回答by Jean-Fran?ois Larvtheitroade
I've been frustrated for long by Windows code page issues, and the C programs portability and localisation issues they cause. The previous posts have detailed the issues at length, so I'm not going to add anything in this respect.
长期以来,我一直对 Windows 代码页问题以及它们导致的 C 程序可移植性和本地化问题感到沮丧。之前的帖子已经详细介绍了这些问题,所以我不打算在这方面添加任何内容。
To make a long story short, eventually I ended up writing my own UTF-8 compatibility library layer over the Visual C++ standard C library. Basically this library ensures that a standard C program works right, in any code page, using UTF-8 internally.
长话短说,最终我在 Visual C++ 标准 C 库上编写了自己的 UTF-8 兼容库层。基本上,这个库确保标准 C 程序在任何代码页中都能正常工作,在内部使用 UTF-8。
This library, called MsvcLibX, is available as open source at https://github.com/JFLarvtheitroade/SysToolsLib. Main features:
这个名为 MsvcLibX 的库在https://github.com/JFLarvtheitroade/SysToolsLib 上作为开源提供。主要特点:
- C sources encoded in UTF-8, using normal char[] C strings, and standard C library APIs.
- In any code page, everything is processed internally as UTF-8 in your code, including the main() routine argv[], with standard input and output automatically converted to the right code page.
- All stdio.h file functions support UTF-8 pathnames > 260 characters, up to 64 KBytes actually.
- The same sources can compile and link successfully in Windows using Visual C++ and MsvcLibX and Visual C++ C library, and in Linux using gcc and Linux standard C library, with no need for #ifdef ... #endif blocks.
- Adds include files common in Linux, but missing in Visual C++. Ex: unistd.h
- Adds missing functions, like those for directory I/O, symbolic link management, etc, all with UTF-8 support of course :-).

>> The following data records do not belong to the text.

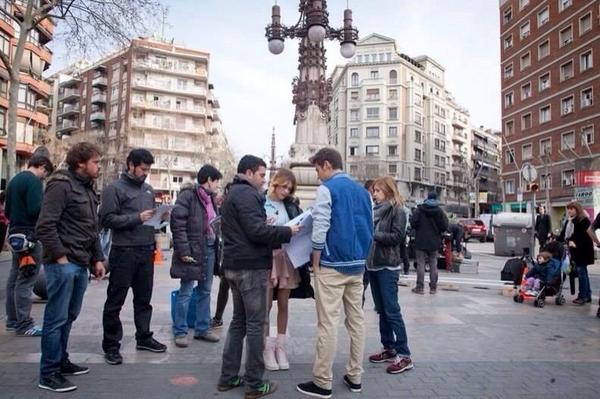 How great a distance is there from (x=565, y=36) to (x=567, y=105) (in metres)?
5.53

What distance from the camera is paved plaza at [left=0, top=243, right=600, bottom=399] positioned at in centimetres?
394

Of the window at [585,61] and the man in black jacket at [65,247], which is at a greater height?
the window at [585,61]

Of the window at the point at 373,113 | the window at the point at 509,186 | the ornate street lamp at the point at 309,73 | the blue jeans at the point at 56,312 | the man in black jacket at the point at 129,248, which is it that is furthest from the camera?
the window at the point at 373,113

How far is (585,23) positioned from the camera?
3572cm

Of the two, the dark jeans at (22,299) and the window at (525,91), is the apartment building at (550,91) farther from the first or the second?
the dark jeans at (22,299)

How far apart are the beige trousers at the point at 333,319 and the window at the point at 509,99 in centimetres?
4714

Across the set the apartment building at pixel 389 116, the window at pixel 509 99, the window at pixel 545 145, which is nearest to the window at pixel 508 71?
the window at pixel 509 99

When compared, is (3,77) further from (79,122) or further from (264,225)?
(264,225)

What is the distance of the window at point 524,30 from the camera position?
1686 inches

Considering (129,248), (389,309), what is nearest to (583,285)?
(389,309)

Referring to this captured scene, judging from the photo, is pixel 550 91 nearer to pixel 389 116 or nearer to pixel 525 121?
pixel 525 121

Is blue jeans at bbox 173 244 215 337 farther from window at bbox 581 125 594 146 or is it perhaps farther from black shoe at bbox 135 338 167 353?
window at bbox 581 125 594 146

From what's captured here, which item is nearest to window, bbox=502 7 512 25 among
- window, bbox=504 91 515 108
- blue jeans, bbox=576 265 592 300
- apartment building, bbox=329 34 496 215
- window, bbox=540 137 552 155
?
window, bbox=504 91 515 108

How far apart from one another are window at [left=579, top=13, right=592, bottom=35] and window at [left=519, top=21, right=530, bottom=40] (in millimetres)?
6889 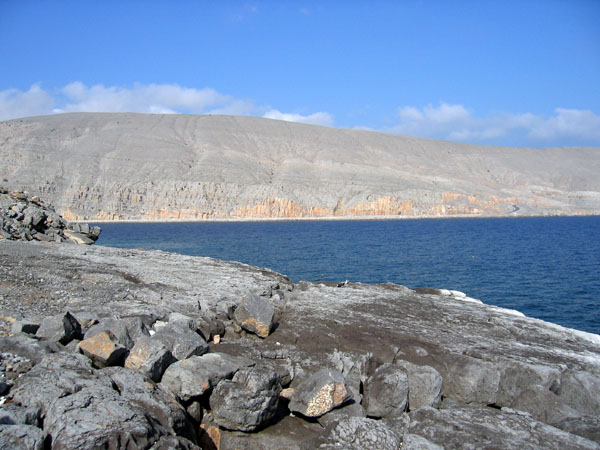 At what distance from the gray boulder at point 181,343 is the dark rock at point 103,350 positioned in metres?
0.77

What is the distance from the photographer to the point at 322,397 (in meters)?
8.23

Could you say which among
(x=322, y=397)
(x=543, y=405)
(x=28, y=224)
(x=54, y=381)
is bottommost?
(x=543, y=405)

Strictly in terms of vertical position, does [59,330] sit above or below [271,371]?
above

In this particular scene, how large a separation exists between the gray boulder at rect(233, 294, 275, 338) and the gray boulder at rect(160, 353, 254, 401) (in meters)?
2.73

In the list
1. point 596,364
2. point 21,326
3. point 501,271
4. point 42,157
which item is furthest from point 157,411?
point 42,157

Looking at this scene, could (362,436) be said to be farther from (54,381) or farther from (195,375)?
(54,381)

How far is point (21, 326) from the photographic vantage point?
9.18 meters

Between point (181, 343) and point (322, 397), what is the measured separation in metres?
3.09

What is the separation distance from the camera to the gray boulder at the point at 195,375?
8141mm

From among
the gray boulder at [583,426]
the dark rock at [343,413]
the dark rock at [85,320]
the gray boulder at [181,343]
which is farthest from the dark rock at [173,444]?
the gray boulder at [583,426]

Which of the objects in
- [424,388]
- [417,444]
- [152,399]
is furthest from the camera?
[424,388]

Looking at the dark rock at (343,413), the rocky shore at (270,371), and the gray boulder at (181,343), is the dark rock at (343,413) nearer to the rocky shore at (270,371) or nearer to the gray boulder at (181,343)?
the rocky shore at (270,371)

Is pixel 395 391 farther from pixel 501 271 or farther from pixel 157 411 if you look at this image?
pixel 501 271

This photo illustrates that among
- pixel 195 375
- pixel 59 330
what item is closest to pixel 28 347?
pixel 59 330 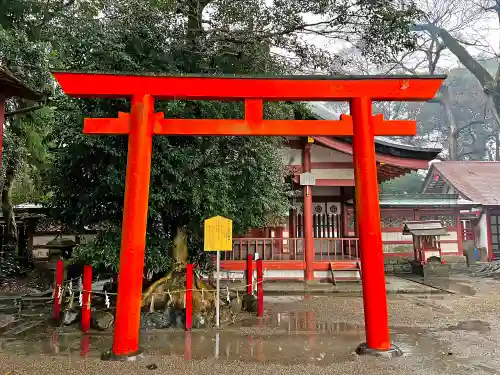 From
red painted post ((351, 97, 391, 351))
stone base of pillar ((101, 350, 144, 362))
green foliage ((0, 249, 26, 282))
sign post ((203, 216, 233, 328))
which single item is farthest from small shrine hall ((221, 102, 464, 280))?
green foliage ((0, 249, 26, 282))

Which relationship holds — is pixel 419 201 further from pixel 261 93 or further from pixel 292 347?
pixel 261 93

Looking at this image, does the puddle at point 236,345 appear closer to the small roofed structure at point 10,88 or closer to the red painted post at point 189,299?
the red painted post at point 189,299

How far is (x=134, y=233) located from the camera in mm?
5188

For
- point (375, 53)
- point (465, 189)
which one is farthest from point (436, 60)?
point (375, 53)

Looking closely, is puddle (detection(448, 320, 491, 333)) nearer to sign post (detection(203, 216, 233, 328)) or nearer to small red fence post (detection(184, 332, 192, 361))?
sign post (detection(203, 216, 233, 328))

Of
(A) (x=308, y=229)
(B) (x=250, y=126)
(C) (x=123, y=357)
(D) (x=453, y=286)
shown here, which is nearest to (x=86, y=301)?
(C) (x=123, y=357)

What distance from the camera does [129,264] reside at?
5.11 metres

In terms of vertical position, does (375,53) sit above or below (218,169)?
above

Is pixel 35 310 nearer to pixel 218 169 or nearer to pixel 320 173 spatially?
pixel 218 169

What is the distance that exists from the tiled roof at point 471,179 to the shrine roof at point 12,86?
65.8 ft

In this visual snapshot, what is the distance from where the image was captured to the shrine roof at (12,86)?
22.9ft

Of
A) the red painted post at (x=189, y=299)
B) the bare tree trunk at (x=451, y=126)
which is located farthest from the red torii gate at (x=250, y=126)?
the bare tree trunk at (x=451, y=126)

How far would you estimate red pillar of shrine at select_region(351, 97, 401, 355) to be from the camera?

- C 源代码以 UTF-8 编码,使用普通 char[] C 字符串和标准 C 库 API。
- 在任何代码页中,所有内容都在代码中作为 UTF-8 进行内部处理,包括 main() 例程 argv[],标准输入和输出会自动转换为正确的代码页。
- 所有 stdio.h 文件函数都支持 UTF-8 路径名 > 260 个字符,实际上最多 64 KB。

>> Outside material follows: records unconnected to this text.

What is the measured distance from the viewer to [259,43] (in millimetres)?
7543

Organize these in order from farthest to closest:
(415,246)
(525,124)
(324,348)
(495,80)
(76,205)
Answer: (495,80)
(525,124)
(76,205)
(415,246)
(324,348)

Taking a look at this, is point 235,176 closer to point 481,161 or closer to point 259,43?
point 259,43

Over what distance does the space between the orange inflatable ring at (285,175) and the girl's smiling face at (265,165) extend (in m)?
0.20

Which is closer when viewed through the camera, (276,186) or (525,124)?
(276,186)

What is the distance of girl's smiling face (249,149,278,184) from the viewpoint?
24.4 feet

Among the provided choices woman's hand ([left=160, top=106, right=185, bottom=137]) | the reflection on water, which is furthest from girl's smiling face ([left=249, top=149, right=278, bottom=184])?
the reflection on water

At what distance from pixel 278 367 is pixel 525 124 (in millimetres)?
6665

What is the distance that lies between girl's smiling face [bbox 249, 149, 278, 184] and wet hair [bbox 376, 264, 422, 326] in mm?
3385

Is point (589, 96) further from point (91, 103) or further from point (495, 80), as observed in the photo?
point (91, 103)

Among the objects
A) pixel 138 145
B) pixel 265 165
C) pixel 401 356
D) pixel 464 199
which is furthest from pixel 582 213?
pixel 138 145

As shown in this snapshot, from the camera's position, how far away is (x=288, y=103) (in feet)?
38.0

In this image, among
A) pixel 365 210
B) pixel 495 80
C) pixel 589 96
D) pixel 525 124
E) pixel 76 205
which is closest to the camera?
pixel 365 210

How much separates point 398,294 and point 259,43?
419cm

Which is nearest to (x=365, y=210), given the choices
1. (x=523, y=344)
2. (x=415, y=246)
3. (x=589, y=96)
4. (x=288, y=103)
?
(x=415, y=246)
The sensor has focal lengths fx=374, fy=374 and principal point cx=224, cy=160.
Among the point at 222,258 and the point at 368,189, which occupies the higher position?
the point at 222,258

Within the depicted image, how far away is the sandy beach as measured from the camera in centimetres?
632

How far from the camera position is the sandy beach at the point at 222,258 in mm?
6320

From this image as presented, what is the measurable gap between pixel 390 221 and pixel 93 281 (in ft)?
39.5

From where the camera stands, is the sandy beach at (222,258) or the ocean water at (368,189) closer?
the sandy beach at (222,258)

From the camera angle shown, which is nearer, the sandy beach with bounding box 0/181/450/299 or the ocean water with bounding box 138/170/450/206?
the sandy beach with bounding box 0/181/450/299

- 相同的源可以在 Windows 中使用 Visual C++ 和 MsvcLibX 和 Visual C++ C 库成功编译和链接,在 Linux 中使用 gcc 和 Linux 标准 C 库,无需 #ifdef ... #endif 块。
- 添加在 Linux 中常见但在 Visual C++ 中缺失的包含文件。例如: unistd.h
- 添加缺少的功能,例如用于目录 I/O、符号链接管理等的功能,当然所有这些功能都支持 UTF-8 :-)。

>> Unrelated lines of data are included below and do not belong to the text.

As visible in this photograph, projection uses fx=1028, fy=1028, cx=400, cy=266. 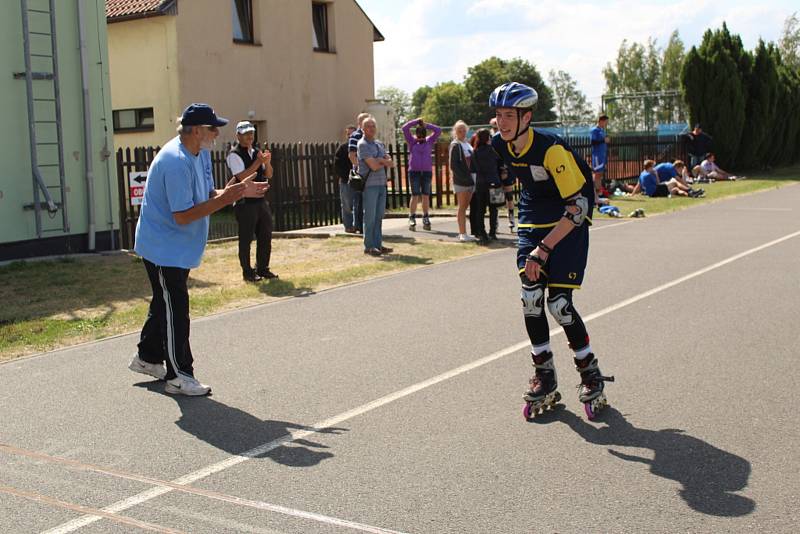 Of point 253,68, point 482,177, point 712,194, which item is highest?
point 253,68

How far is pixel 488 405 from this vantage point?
666 cm

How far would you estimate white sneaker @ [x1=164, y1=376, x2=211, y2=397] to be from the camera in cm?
708

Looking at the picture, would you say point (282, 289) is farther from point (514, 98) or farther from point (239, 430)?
point (514, 98)

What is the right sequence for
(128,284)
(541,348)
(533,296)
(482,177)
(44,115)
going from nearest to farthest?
(533,296) < (541,348) < (128,284) < (44,115) < (482,177)

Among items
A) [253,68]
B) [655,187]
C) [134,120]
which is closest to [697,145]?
[655,187]

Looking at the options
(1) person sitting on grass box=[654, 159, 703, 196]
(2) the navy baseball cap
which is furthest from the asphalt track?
(1) person sitting on grass box=[654, 159, 703, 196]

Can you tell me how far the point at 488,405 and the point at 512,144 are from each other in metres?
1.69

More details in the MsvcLibX README on GitHub, including how to build the library and use it in your own programs.
GitHub 上的MsvcLibX README中的更多详细信息,包括如何构建库并在您自己的程序中使用它。
The release sectionin the above GitHub repository provides several programs using this MsvcLibX library, that will show its capabilities. Ex: Try my which.exe tool with directories with non-ASCII names in the PATH, searching for programs with non-ASCII names, and changing code pages.
上述 GitHub 存储库中的发布部分提供了几个使用此 MsvcLibX 库的程序,这些程序将展示其功能。例如:尝试使用我的 which.exe 工具在 PATH 中使用非 ASCII 名称的目录,搜索具有非 ASCII 名称的程序,并更改代码页。
Another useful tool there is the conv.exe program. This program can easily convert a data stream from any code page to any other. Its default is input in the Windows code page, and output in the current console code page. This allows to correctly view data generated by Windows GUI apps (ex: Notepad) in a command console, with a simple command like: type WINFILE.txt | conv
另一个有用的工具是 conv.exe 程序。该程序可以轻松地将数据流从任何代码页转换为任何其他代码页。它的默认值是在 Windows 代码页中输入,在当前控制台代码页中输出。这允许使用简单的命令在命令控制台中正确查看 Windows GUI 应用程序(例如:记事本)生成的数据,例如:type WINFILE.txt | conv
This MsvcLibX library is by no means complete, and contributions for improving it are welcome!
这个 MsvcLibX 库绝不是完整的,欢迎为改进它做出贡献!
回答by Neumi
In Java I used encoding "IBM850" to write the file. That solved the problem.
在 Java 中,我使用编码“IBM850”来编写文件。那解决了问题。